Mon crâne va exploser.
Je grimace.
Stefan ne remarque pas ma lassitude. Sans relâche il parle et s'écoute parler. De ses affaires. De son business florissant entre l'Europe et l'Asie. D'économie mondiale. De sujets sérieux dont, à cette minute, je me contrefous, d'autant que son accent mêlé au brouhaha ambiant me le rend difficile à comprendre.
Je lâche prise. Je grimace. Je m'ennuie.
Je brûle de rentrer seule au studio, d'allumer la clim et de m'allonger dans un parfait silence.
Mais qu'est-ce qu'il a, cet homme, à parler comme ça ?
Est-ce sa manière de séduire ? Montrer à la femme qu'il convoite à quel point il est ambitieux, avisé, aisé. Un requin parmi les requins, un loup parmi les loups.
Ce qu'il ignore, c'est que voilà le meilleur moyen de me repousser.
Ambition, ambition...
Jailli en rafales des lèvres de Stefan, le mot tournicote entre nos verres pour filer dans ma bouche, là où je le recrache d'un :
- Moi, d'ambition, je n'en ai aucune.
Ce qui n'est pas tout à fait vrai. Mais peut-on appeler "ambition" le simple désir d'être en paix et heureuse ? De continuer à voyager, à plonger, à écrire ? D'espérer que ma vie se poursuive sans trop dérailler ?
Non, je ne crois pas. J'ai des désirs, des souhaits, des projets, des passions. Mais des ambitions ?
Stefan s'arrête, saisi :
- I beg your pardon ?
Il me fixe paupières plissées. Me soupèse comme si j'appartenais à une espèce inconnue, qu'il m'avait méjugée et qu'il ignorait, surtout, que me répondre.

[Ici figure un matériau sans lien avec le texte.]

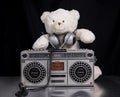 Teddy bear listening to music on a ghettoblaster Royalty Free Stock Photo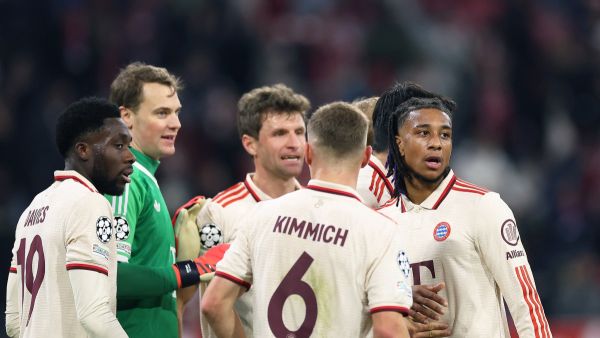 Bayern Munich's French midfielder #17 Michael Olise (R) and Bayern Munich's German goalkeeper #01 Manuel Neuer (2nd L) celebrate wqith teammates after winning the UEFA Champions League, League phase - Matchday 5, football match between FC Bayern Munich Paris Saint-Germain (PSG) in Munich, southern Germany, on November 26, 2024. (Photo by FRANCK FIFE / AFP)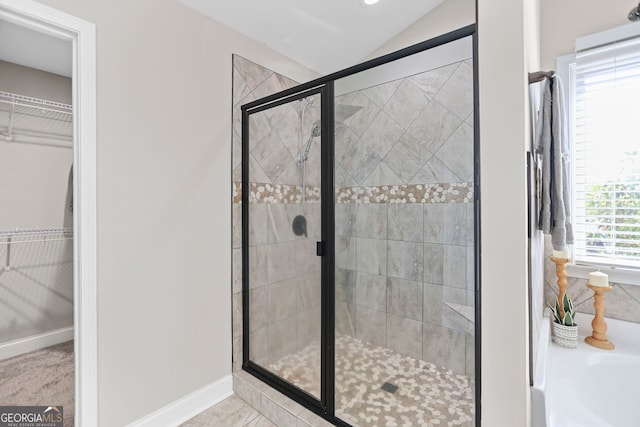 75 Flagstone Dr, Newnan, GA 30263 - full bath with a garden tub, a shower stall, a spacious closet, and lofted ceiling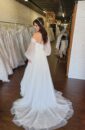 Off the shoulder Clean Flowy Wedding Dress with sleeves and a Slit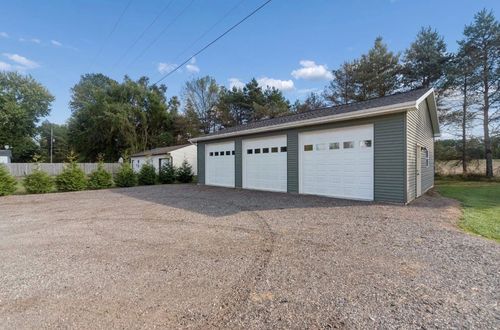 White garage/shed with a closed door in a grassy yard under a cloudy sky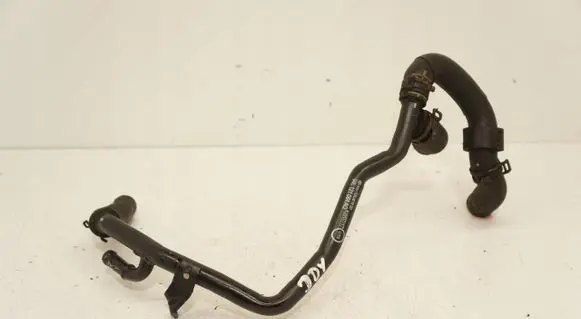 Volkswagen Golf VII Engine coolant pipe/hose 04L121064AQ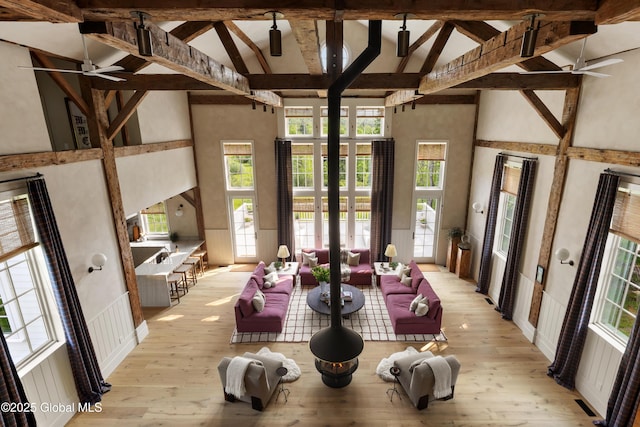 1174 Potter Mountain Rd, Gilboa, NY 12076 - dining space featuring a ceiling fan, high vaulted ceiling, beam ceiling, french doors, and light wood-style flooring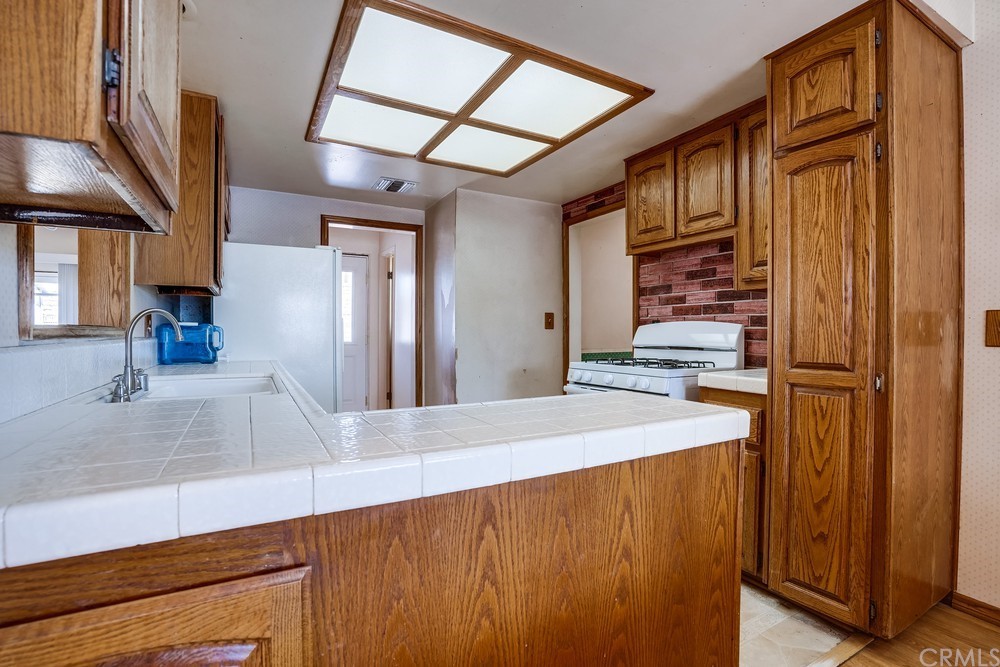 612 Lyford Drive La Verne, CA 91750 - Photo 14 of 44 a large kitchen with stainless steel appliances a large counter top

Son étonnement sera de courte durée.
Bientôt le fil de son discours reprend.
Bientôt je grimace encore.
Dans ce déluge de paroles, des mots me tirent brutalement de ma torpeur :
"Engagement total envers son partenaire. Fidélité."
Je lève un sourcil circonspect.
- L'exclusivité sexuelle, tu veux dire ? Bah... Quelle importance ?
Nouvelle pause interloquée. Évidente, la surprise de voir le fil de la conversation lui échapper.
Nouveau regard inquisiteur. D'interlocutrice muette me voilà promue au rang de personne, voire d'adversaire.
Montée de ses prunelles, une lueur d'intérêt, de curiosité ou d'amusement - ou des trois à la fois. Soudain en alerte, mon vis-à-vis vide son cocktail tequila-concombre et se carre sur sa chaise pour mieux m'écouter.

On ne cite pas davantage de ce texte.